Initially the capitalist class responded strongly against these changes, and the HIV/AIDs crisis provided a pivotal moment for them to do so. HIV/AIDs allowed the ruling class to attempt to redefine homosexuals as sexually deviant, and here we see a huge amount of repression and discrimination.

But, this was met by shifts from the queer movement to reject sexual liberation, ensuring that these attacks did not stick. Not only had our economics changed forever through the rise of neoliberalism, but so had our community’s approach to queer people. The old ways of punishing queer people was gone as an approach for capitalism incorporating queer people.

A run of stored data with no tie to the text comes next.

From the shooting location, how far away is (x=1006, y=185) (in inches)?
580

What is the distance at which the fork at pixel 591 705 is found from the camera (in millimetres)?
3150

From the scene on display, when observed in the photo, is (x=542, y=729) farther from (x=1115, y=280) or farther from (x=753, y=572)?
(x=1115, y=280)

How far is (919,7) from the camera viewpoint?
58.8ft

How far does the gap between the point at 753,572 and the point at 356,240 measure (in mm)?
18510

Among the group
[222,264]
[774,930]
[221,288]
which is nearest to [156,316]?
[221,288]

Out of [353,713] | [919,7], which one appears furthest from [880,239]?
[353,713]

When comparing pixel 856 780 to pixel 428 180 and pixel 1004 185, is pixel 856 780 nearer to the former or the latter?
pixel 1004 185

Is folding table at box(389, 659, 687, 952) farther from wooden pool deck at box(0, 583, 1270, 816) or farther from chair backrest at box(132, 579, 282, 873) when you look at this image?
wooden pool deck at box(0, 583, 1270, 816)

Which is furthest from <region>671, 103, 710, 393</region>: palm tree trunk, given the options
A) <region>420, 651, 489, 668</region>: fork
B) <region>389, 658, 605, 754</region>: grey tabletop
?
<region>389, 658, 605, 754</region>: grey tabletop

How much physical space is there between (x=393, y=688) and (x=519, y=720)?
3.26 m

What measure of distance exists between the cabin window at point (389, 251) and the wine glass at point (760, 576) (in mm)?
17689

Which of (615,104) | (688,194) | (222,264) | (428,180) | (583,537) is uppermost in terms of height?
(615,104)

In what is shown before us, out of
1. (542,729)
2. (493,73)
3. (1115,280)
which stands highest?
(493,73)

Marriage equality therefore represents a new adaptation from the capitalist class. Instead of rejecting homosexuality, the ruling class moved quickly to begin to incorporate us into the fold. We were no longer seen as deviants but as a potential market — but one that could only be accepted if we agreed to the rules of the system.

I’ll give two quick examples of this.

First, when passing same-sex marriage in the UK in (insert date here), Prime Minister David Cameron famously stated:

“Conservatives believe in the ties that bind us. Society is stronger when we make vows to each other and we support each other. I don’t support gay marriage in spite of being a conservative. I support gay marriage because I am a conservative.”

More recently, in 2015, Australian columnist Andrew Bolt conceded that marriage equality had effectively been won, and argued that he could support the institution as long as queers changed their ways. He said:

“They must realise the awesome responsibility they’ll soon share — the defence of our most important tradition: keeping parents together for the sake of their children.

They are about to change the definition of marriage and must now down their weapons and treat conservative warnings with respect, not with mockery and contempt.”

What did that mean? For Bolt it meant gays ensuring that we “protect children” and give up on our promiscuous lifestyles. We had to adapt to the more conservative elements of marriage — the traditional view that sees marriage as a lifelong bond that primarily sees women as the main givers of childcare, with men having economic power.

As I argued in a response to Bolt:

“Bolt’s demand that gays and lesbians “protect children” are built on this premise. It is part of conservative reactions to feminists who have tried to release women from this economic grip. It is why Bolt almost laments previous changes to legalise divorce — a policy that was essential for women in bad marriages to be able to declare their economic and sexual independence.”

What we can see here is the demands and reasonings of conservatives when accepting same-sex marriage. Marriage equality became acceptable primarily because it built the institution. It brought more people into the fold, ensuring its long term strength. This is a strength not just for marriage, but for capitalism itself.

This can naturally explain much of the language and campaign tactics used by marriage campaigners. Marriage is not about gaining rights, but about gaining access to a capitalist system. This means abiding by certain rules — monogamous relationships, child-rearing, and not being sexually deviant. Anyone who doesn’t accept those rules — polyamorous people, sexually liberal people, and even singles, just don’t get access.